◆ What is being asked
Using the data below, reproduce exactly the lines from the line with "2024 Mitsubishi Mirage ES CVT" to the line with "Aerial view of Rathscar, VIC", both included; pictures must be dropped.

◆ The records
........
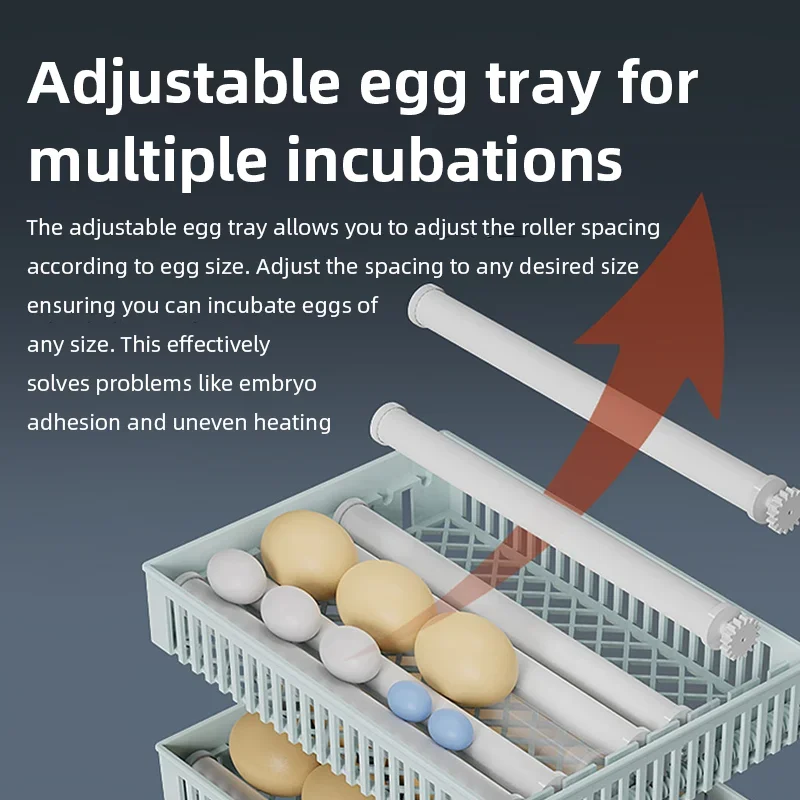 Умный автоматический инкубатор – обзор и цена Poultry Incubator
........
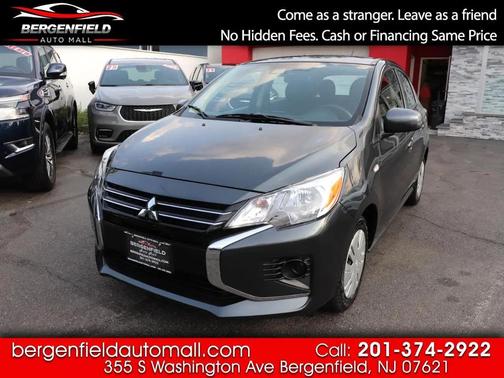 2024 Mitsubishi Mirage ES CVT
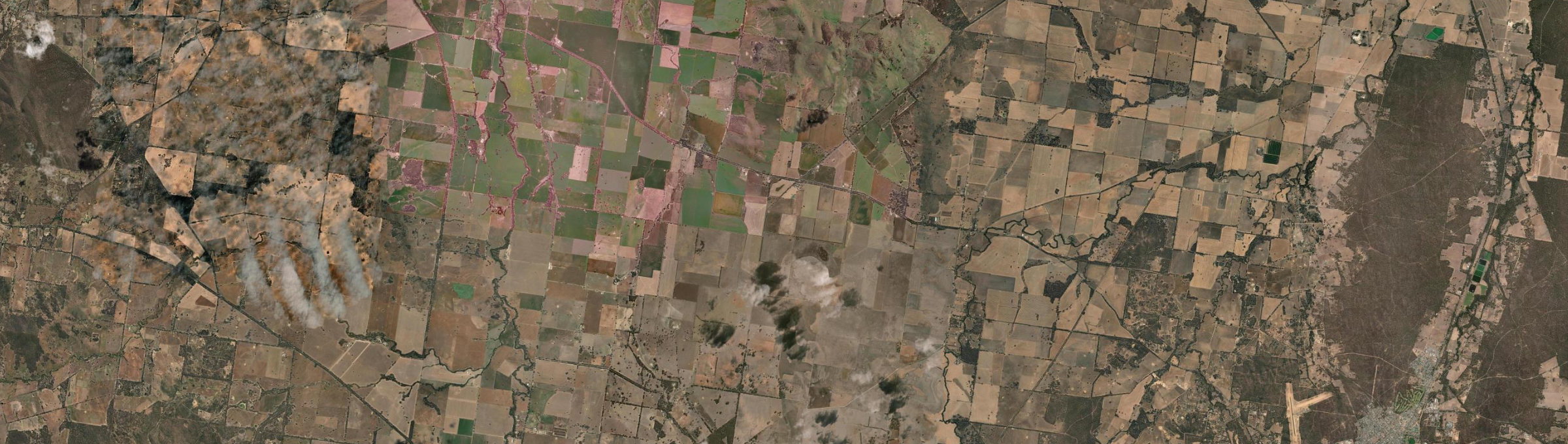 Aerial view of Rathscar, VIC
........
◆ Reply
 2024 Mitsubishi Mirage ES CVT
 Aerial view of Rathscar, VIC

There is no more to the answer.